Linguamyrmex Vladi was a vampire ant that lived in the Cretaceous

Linguamyrmex vladi (Image courtesy Phillip Barden et al.)
Linguamyrmex vladi (Image courtesy Phillip Barden et al.)

An article published in the journal “Systematic Entomology” describes a research on an ant that lived about 98 million years ago and was preserved in amber. Called Linguamyrmex vladi, it was studied using modern technologies by a team of researchers led by Dr Phillip Barden. It turned out that it was a species with morphological characteristics that indicate a highly specialized predator behavior. It was part of an extinct group nicknamed “hell ants” and fed off its prey’s blood.

In the Cretaceous period, several species of ants belonged to the taxonomic tribe Haidomyrmecini, part of the Sphecomyrminae subfamily. In today’s Myanmar, various insects have been found very well preserved in amber, even so different from the ones existing today to deserve the creation of a new taxonomic order such as Aethiocarenus burmanicus. In the case of Linguamyrmex vladi the situation is different because the ants that lived in the Cretaceous period belonging to groups that today are extinct are already known.

Dr Phillip Barden’s team examined the Linguamyrmex vladi specimen with microscope and using an X-ray micro-TAC, a version of the common scanning technique used in the medical field adapted to studies such as in the paleontology field.
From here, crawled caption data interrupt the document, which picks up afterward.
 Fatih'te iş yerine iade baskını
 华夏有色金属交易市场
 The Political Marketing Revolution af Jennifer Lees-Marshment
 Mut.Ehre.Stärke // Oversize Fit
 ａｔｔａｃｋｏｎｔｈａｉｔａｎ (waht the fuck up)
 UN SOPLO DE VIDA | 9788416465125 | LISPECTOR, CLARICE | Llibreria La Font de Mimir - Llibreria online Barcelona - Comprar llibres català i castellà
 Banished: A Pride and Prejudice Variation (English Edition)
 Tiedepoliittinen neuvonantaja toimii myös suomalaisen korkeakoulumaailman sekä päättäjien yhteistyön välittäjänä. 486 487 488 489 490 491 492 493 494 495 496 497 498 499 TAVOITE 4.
This species had scythe-like jaws particularly large for an ant and a horn-like appendage that from the scan turned out to be reinforced with metals such as zinc, manganese and iron.

Reinforced appendages are not something unheard among insects but the Linguamyrmex vladi case confirms that it’s a predator whose main “weapon” was strengthened, perhaps also due to the elements present in its prey’s blood. In today’s many species of insects, jaws are the parts that get strengthened, in that Cretaceous ant a reinforced horn allowed to puncture a prey’s shell more easily.
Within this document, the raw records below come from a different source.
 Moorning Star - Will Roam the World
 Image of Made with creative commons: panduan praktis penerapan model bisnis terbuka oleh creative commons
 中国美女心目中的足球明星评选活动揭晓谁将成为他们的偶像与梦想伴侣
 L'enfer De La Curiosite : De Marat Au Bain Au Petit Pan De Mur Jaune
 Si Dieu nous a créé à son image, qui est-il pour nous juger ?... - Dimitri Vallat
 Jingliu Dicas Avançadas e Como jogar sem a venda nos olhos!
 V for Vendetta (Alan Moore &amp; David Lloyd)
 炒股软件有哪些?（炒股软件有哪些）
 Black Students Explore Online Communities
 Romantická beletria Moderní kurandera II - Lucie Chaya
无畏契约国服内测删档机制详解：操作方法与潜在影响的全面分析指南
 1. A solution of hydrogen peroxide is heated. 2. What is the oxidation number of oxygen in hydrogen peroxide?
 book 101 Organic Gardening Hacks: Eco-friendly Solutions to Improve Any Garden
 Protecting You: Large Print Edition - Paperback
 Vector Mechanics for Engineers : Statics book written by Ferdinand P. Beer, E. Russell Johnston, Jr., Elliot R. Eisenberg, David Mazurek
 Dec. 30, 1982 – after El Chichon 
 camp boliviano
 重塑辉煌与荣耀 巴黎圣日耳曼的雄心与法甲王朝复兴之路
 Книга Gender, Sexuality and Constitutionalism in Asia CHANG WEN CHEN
This system allowed Linguamyrmex vladi to reach its prey’s soft parts and to suck their haemolymph with a straw-like organ it had between its jaws. That’s why this species was defined a vampire ant and received a name inspired by the historical man at the origin of the legend of Dracula.
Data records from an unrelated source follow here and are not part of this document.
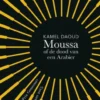Moussa, of de dood van een Arabier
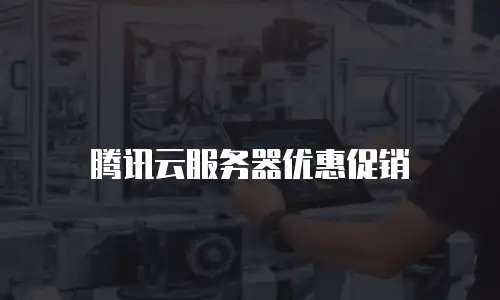 腾讯云服务器优惠促销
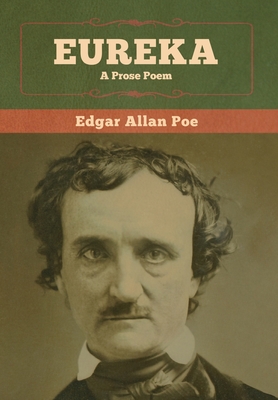 Eureka: A Prose Poem - Edgar Allan Poe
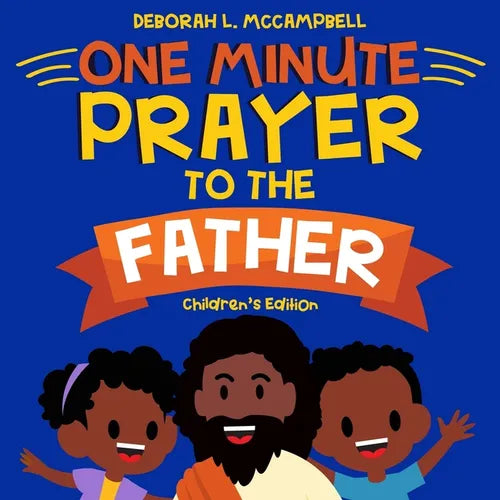 One Minute Prayer to The Father Children's Edition: Prayer Book for African American Kids - Paperback
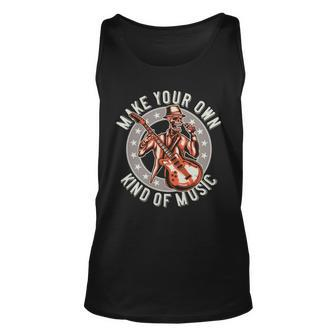 Make Your Own Kind Of Music Unisex Tank Top - Monsterry DE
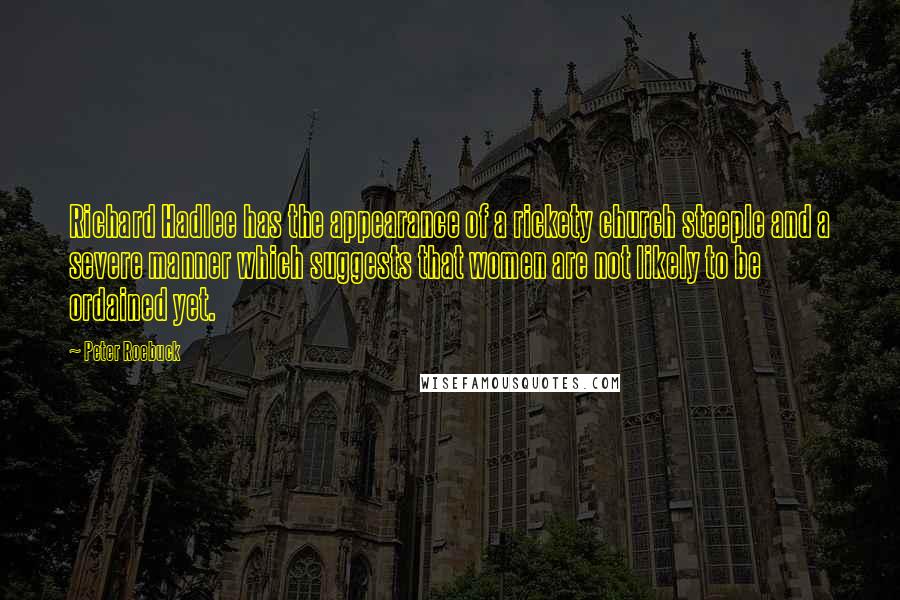 Peter Roebuck quotes: Richard Hadlee has the appearance of a rickety church steeple and a severe manner which suggests that women are not likely to be ordained yet. Peter Roebuck quotes: Richard Hadlee has the appearance of a rickety church steeple and a severe manner which suggests that women are not likely to be ordained yet.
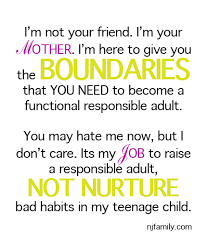 Raising Teens I M Not Your Friend I M Your Mother I M Here To Give You The Boundaries Raising Teenager Quotes Teenage Daughter Quotes Tough Love Parenting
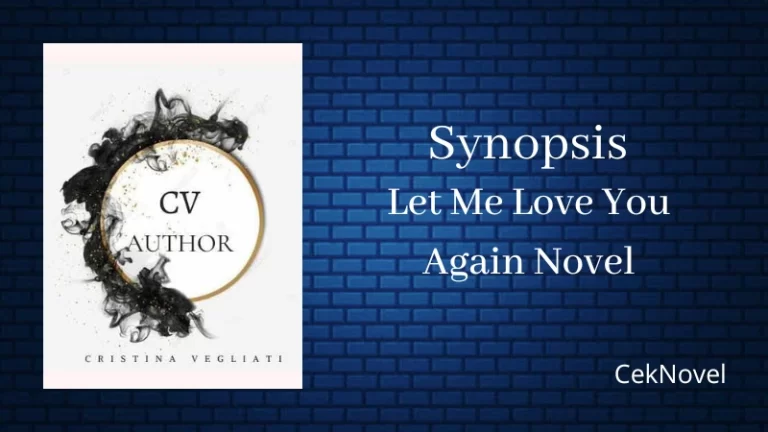 Let Me Love You Again Novel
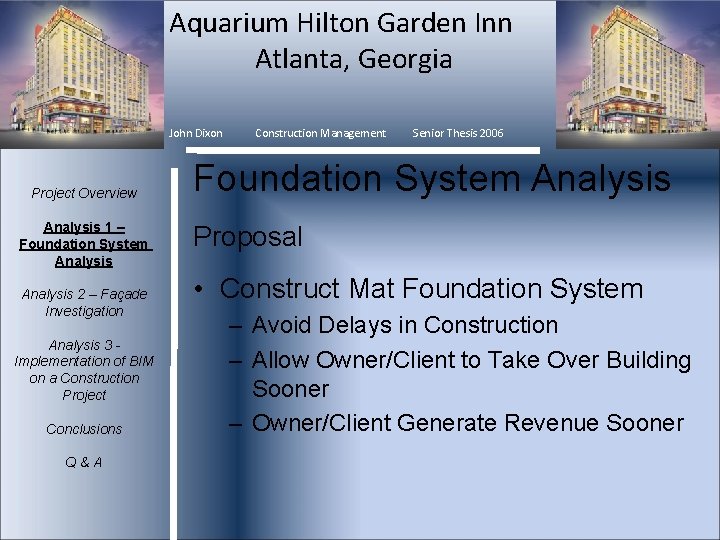 Aquarium Hilton Garden Inn Atlanta, Georgia John Dixon Construction Management Senior Thesis 2006 Project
Linguamyrmex vladi shows the diversification that existed among the ants that lived in the Cretaceous, with many adaptations present in extinct groups that are absent in today’s ants. In some ways, the behavior of these ancient ants are the result of hypothesis but the amount of insects found imprisoned in amber in Myanmar allow us to make an idea about it and also to hope to find more of them.